On the other hand, this case was able to generate an opposition that ran across all sectors of civil society including academia, the arts, the medical profession, social activists, high school students, and very importantly, the people living in the area of the proposed project who would have been most directly affected. The amalgamation of these forces resulted in pressure on the government such that it was forced to call off the project on 22 April 2014.
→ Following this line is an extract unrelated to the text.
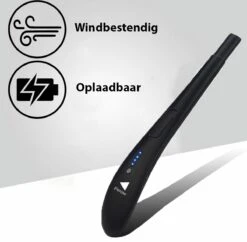 Oplaadbare Lange Elektrische Aansteker - Zwart - Duurzame Plasma Aansteker - Inclusief Cadeauverpakking - BBQ - Kaarsen -Keukenseries Speciaal Winkel 1200x1178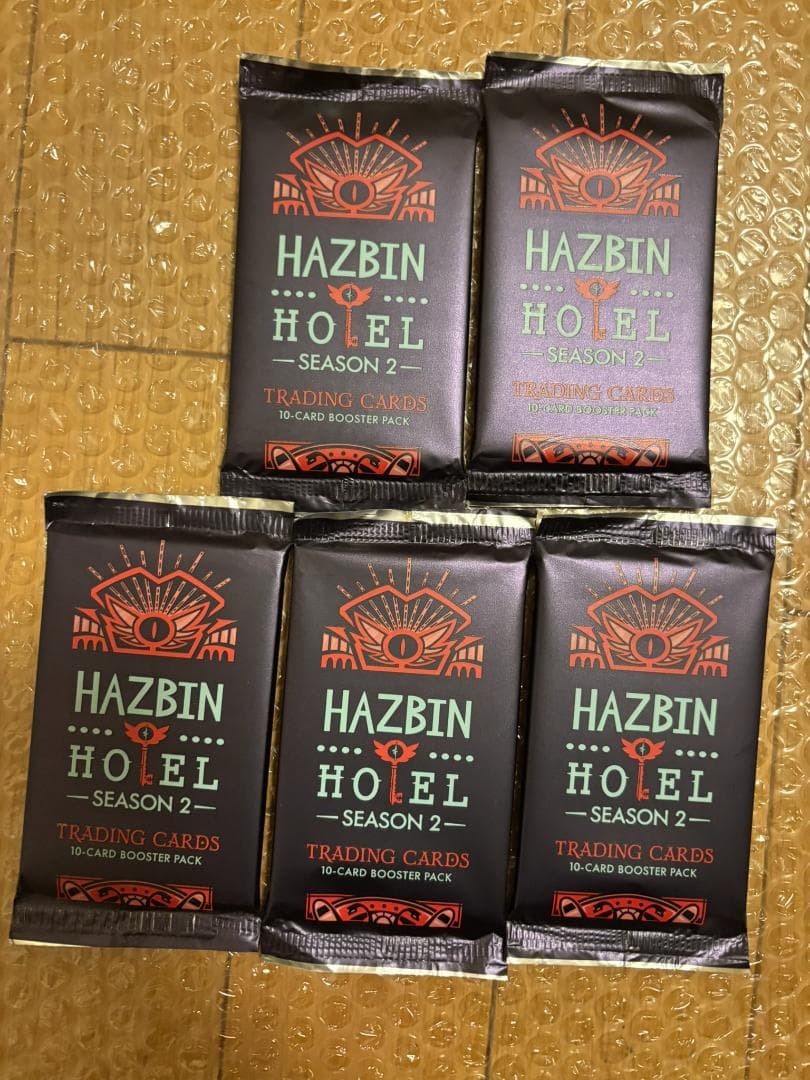 hazbin hotel ハズビンホテル カード シーズン2 5パック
A Model for Civic Movements

Many organizations and individuals participated in the movement to oppose Kuokuang Petrochemical. Wild at Heart is honored to have had an opportunity to join this civic movement. We are particularly grateful to our former colleague Janis Wang (Wang Chia-chen) who conducted strategy, liaison and overall planning, as Lu Shih-wei, one of our lawyers, and who provided legal guidance and engaged in the National Youth Alliance Against Kuokuang Petrochemical Project for publicity work. As goes the slogan we often used at public gatherings and actions, “Taiwanese youth (citizens) stand up, down with Kuokuang”, only through the maturing and awakening of the people’s power, will Taiwan be able to realise a true and sustainable democracy.

(Editor’s note: the defeat of the Kuokuang plant was the impetus for an article that appeared in the New York Times blog on 5 June 2011 and in print on 6 June 2011, in The International Herald Tribune with the headline: Activism Gets Rolling in Taiwan)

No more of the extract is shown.